Sunday 21 January 2007

The Home


Happy New Year to you all.

After 5,954 kilometres, 21 rolls of 120 film, 152 sheets of 4x5 film, and 5 rolls of 35mm, I'm home again. Back in Wellington. Yay.

Cos I'm a really anal-retentive type of person I can tell you the exciting news that last year I shot 138 'films' (I have a loose definition). This year I have already shot 146 'films'. Isn't that just fascinating? Naturally it's going to take me the rest of the year to develop them all. And I'm really looking forward to developing all those 4x5 BW negs.

The South Island is a pretty neat place. I started three new bodies of work – maybe five, depending on how things work out. Hopefully one of them may be seen in the not too distant future. I also continued with a couple of on-going series, and a bunch of shots for no reason whatsoever. So many of them will probably end up here.

One thing I can tell you is that the South Island mid-summer is not a good time to be doing long-exposure night shots – the nights are just too bloody short. Go to bed at 11.00pm. Get up at 1.00am to start the exposure. Read until 3.30am, end exposure. Go back to bed. Get up at 7.00am to decamp.

Of course I ended up buying a ‘new’ camera too – a Konica Eye. A nice little half-frame camera from mid-60s, with the lens well whacked so the images will no doubt be artfully soft/blurry.

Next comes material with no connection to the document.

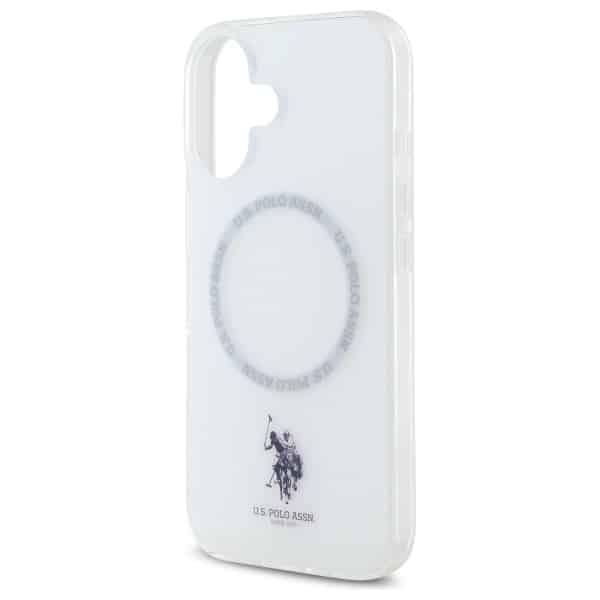 Θήκη IML Ring για iPhone 16 6.1" US Polo USHMP16SHOCLDPW, λευκό - Image 6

Much to my disappointment, I wasn’t required to wake up too early to go chasing birds in the pre-dawn. Fortunately black stilts (kaki), the world’s rarest wading birds, like wandering around and feeding in more pleasant hours. Admittedly, I spent most of my time with Nic accompanying him around the 526,481 predator traps he had to check (okay, it may have been the 150 or 200, but you don't know that), and not a huge amount hanging out with the birds. But they’re lovely wee things – photos may follow.

South Island scenery is rather pretty too. More on that later. When I will actually be able to show just how pretty some of it is.

I did more than just take photos. I also drank coffee – though not as much as usual. Omarama is the place to go.

I also did my usual rounds of second-hand bookshops. I was pleasantly surprised to see that prices were much cheaper (and more realistic in my opinion) than in Wellington. Though I do have to profess a surprise in the almost total lack of art and photography books available. Very disappointing guys. And I had so much money I wanted to give you too.

But at Smiths in Christchurch I did find a decent copy of the late Peter Turner’s ‘American Images 1945-1980’. At Read in Dunedin I found a near mint copy of Ans Westra’s 'Wellington : city alive’, with text by Noel Hilliard. And at Limited Editions in Ashburton I scored a four volume set called ‘The Photographic Negative’ by Herbert C. McKay, F.R.P.S. from 1945 – check out the design feature on the spine. I may get around to flicking through it at some point in the next fifty odd years.



All in all, a grand wee trip. It was disappointing that Nic was unable to join me for our planned week of road tripping. But it was perfectly understandable given the circumstances.

And I'm already kinda planning my next trip down country. We'll see what happens.